RFR: 8227505: SuperWordLoopUnrollAnalysis may lead to over loop unrolling

Fri Sep 27 01:07:09 UTC 2019

Thanks Vivek for  your help.

On 2019/9/27 上午7:16, Deshpande, Vivek R wrote:
> Hi Jie
>
> I tried the patch from webrev.04 with NUM=4096 and looks like the instructions with AVX512 are getting generated.
> I will do some more perf runs and let you know.
>
> Regards,
> Vivek
>
> -----Original Message-----
> From: Jie Fu [mailto:fujie at loongson.cn]
> Sent: Wednesday, September 25, 2019 8:51 AM
> To: Deshpande, Vivek R <vivek.r.deshpande at intel.com>; Vladimir Kozlov <vladimir.kozlov at oracle.com>; hotspot-compiler-dev at openjdk.java.net; Viswanathan, Sandhya <sandhya.viswanathan at intel.com>
> Subject: Re: RFR: 8227505: SuperWordLoopUnrollAnalysis may lead to over loop unrolling
>
> Hi Vivek,
>
> Thanks for your review and help. Please see responses below.
>
> 1. According to my observation, compiling with full vector length may not always be the smartest choice, especially for small loops.

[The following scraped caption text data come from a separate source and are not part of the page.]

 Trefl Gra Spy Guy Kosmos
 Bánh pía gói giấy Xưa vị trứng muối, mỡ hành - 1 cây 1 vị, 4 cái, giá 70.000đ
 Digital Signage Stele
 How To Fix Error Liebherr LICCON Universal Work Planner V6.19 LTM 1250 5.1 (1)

>      For example, if running your test case with NUM = 256 and 128 on my
> avx-256 machine, the performance can be improved by 28% and 36% respectively if using 16-byte vectors, instead of full available vector width (32-byte vectors).
>
> 2. My fix [1] aims at improving performance with small loops, while keeping the same performance for large loops compared with the original implementation.

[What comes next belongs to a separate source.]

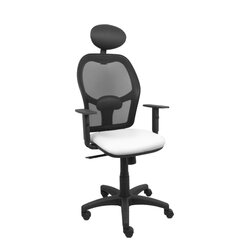 Ofiso kėdė su atrama galvai P&C B10CRNC, balta kaina ir informacija | Biuro kėdės | pigu.lt
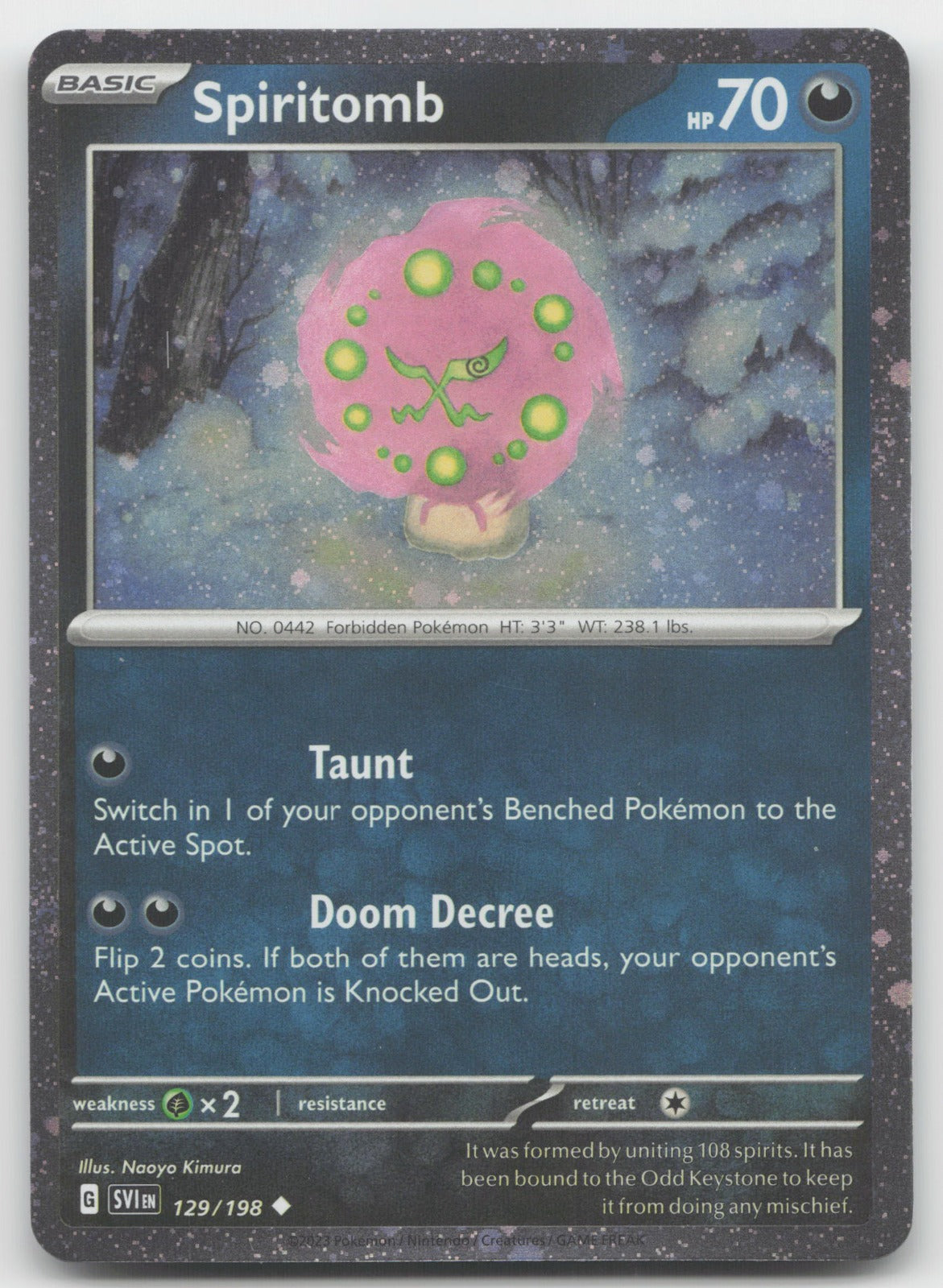 Spiritomb (Cosmos Holo) Holo Uncommon SV01: Scarlet & Violet Base Set 129/198 NM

>      The patch adds a heuristic to protect against over-unrolling with SuperWordLoopUnrollAnalysis.
>      For a more detailed quantitative analysis, please refer to [2].
>
> 3. I don't quite understand why your test case has to be compiled with 512-bit vector. Could you please explain why?

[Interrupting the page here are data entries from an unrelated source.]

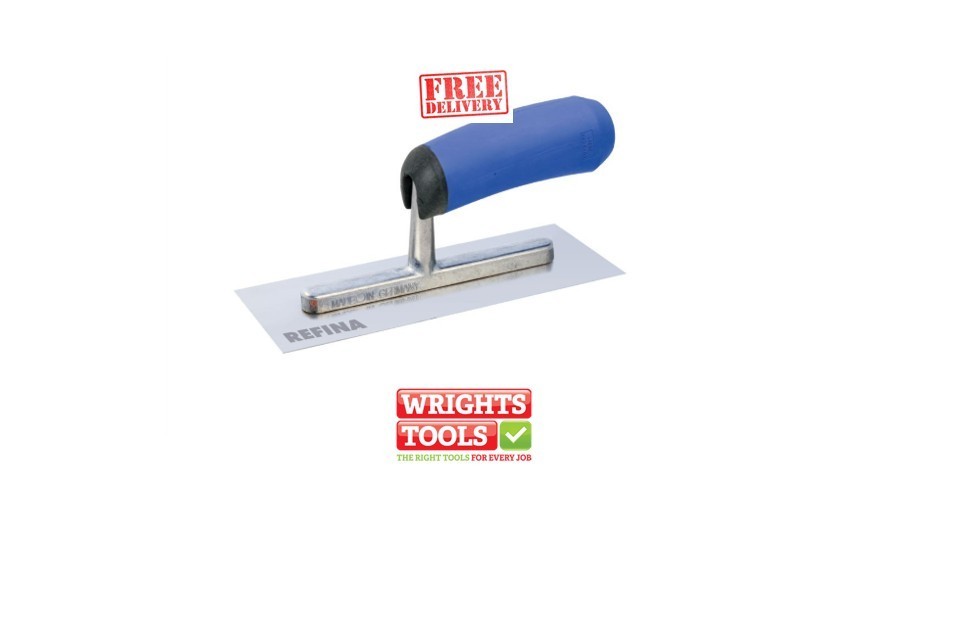 REFINA  Midget Trowel - Square Corners 200MM STAINLESS STEEL !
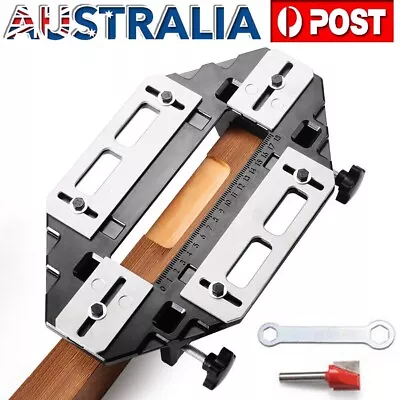 Door Hinge Template Jig Door Lock Cabinet Router Hole Drilling Guide Slot Tool • $48.49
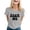 Grey, variant on Shirts for Women Graphic Tees Round Neck Half Sleeve Oversized Breathable Tops for Women Color Block Tops Casual Loose Drop Shoulder Work Business Tees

>      For your test case, vector-256 is used in my patch to protect against over-unrolling.
>      If I recall correctly, there is no performance difference between 512-bit and 256-bit vectors on your machine.
>      However, it doesn't mean vector-512 won't be generated.
>      If you try to increase the NUM in your program (e.g., NUM=4096), you will find vector-512 will be generated on your machine.
>      I can't see the benefit of using 512-bit vector. That's why I'm asking this question all the time.
>      I'd be really appreciated if you would like to answer it.
>
> To validate the effectiveness of the patch, you can test the performance for NUM = 256 and 128 on your avx-512 machine.
>
> Looking forward to your reply.
>
> Thanks a lot.
> Best regards,
> Jie
>
> [1] http://cr.openjdk.java.net/~jiefu/8227505/webrev.04/
> [2]
> https://mail.openjdk.java.net/pipermail/hotspot-compiler-dev/2019-August/034783.html
>
>
> On 2019/9/25 上午1:20, Deshpande, Vivek R wrote:
>> Hi Jie
>>
>> May be you missed my earlier reply, I had tried your patch from webrev.04.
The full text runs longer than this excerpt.